§ Assigned task
From the line that includes "18 Photograph of" to the last line of the records, inclusive, repeat each line exactly.

-------- Input for this task

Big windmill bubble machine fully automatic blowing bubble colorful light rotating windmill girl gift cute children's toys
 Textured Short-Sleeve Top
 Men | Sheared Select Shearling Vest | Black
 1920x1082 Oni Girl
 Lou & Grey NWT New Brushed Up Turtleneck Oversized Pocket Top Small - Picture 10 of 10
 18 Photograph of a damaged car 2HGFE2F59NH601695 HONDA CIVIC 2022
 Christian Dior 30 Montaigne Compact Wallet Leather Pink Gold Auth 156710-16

----------------

§ Response
 18 Photograph of a damaged car 2HGFE2F59NH601695 HONDA CIVIC 2022
 Christian Dior 30 Montaigne Compact Wallet Leather Pink Gold Auth 156710-16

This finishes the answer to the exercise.